Word for the Year

And a Happy New Year to you. We’re just starting the lunar New Year, right? So that’s about as good a time as any to come back to this space.

I’m not trying for New Year’s resolutions, but I am thinking about a word (or words) for the year.  Resolutions tend to set us up for failure or too-high expectations, and they remind me uncomfortably of diets—a lot of inflexible rules, a lot of can’ts and shouldn’ts, instead of encouraging permission slips.

Words for the year are different. If you work near a window (and I hope that you do), you might know something about what windows can do for you and your work. Working indoors means that you focus a lot on what’s right in front of you: your keyboard, your coffee cup, the stack of papers with their separate demands. Every once in a while, though, you glance (or stare) out the window. That glance reminds you that there are distances outside the rectangle of your desk, and that there’s a different quality of light besides indoor light bulbs.

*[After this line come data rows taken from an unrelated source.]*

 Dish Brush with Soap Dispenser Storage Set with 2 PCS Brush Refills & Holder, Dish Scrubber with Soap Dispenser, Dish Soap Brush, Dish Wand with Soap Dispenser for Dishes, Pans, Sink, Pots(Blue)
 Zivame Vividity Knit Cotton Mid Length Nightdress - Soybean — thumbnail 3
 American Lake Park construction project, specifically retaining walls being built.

Words for the year work for me just that way: windows that reset my vision, that remind me to refocus and expand.

Last year’s word was light. I wanted to focus on light—sunlight, for example, and it was a particularly un-sunny year. I wanted to run, but only if I didn’t take it too seriously. No agro mixes of Beastie Boys or Franz Ferdinand for most of the time—no, I wanted the Fleet Foxes. (Fleet: light: coincidence?) I wanted to write if it was light and fun. (It was.) I wanted to remember just how much love, and thus how much light, I have in my life. I wore a Larimar pendant almost every day, to remind me of the luminous sunlight and tropical ocean water of the Dominican Republic. Light got me through a lot. Somehow that worked, I think. I can go to intermediate yoga classes and keep up. I can run farther than I ever have, and running is not the torturous act that it once was. Though I used to hate being upside down for most of my life, I can rest comfortably somehow in a headstand.

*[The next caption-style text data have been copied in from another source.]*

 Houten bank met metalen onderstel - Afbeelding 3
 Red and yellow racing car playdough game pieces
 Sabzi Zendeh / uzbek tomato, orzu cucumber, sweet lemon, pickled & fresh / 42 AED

Quick digression: I didn’t know what headstands meant for me until recently, either. I was talking to one of my yoga teachers about how I’d hated being upside down when I was little. Didn’t like loopy rollercoasters, or even somersaults, or even dangling over a couch arm. “Why is that?” she asked. “Is it a control thing?” Whoa. I stopped short. Oh, crap. “Y…eaah. Probably.” This feeling of being upside down is, like much of this uncertainty, probably very good for me. I’m starting to pick my way through the woods of uncertainty again. I am going off the comfort of stability and beaten albuterol no prescription paths and clearly marked trails.

So this year’s word? It’s closer to the intent of a resolution. It might be go.

I’ve got an artist statement in the works. Last year I tried to write one as part of a grant application, and it was terribly painful. I couldn’t even finish. The inner editor and critic had a field day. “I’ve always wanted to write and read ever since I was a little girl…” Bleahhhhh. Having been a professional literary critic for so long, it was humbling to have to write about my own writing. “Why do I write? Shouldn’t the writing speak for itself?” the writer-artist in me pleaded. No, that’s not what foundations (and publishers and agents, I imagine) want to hear.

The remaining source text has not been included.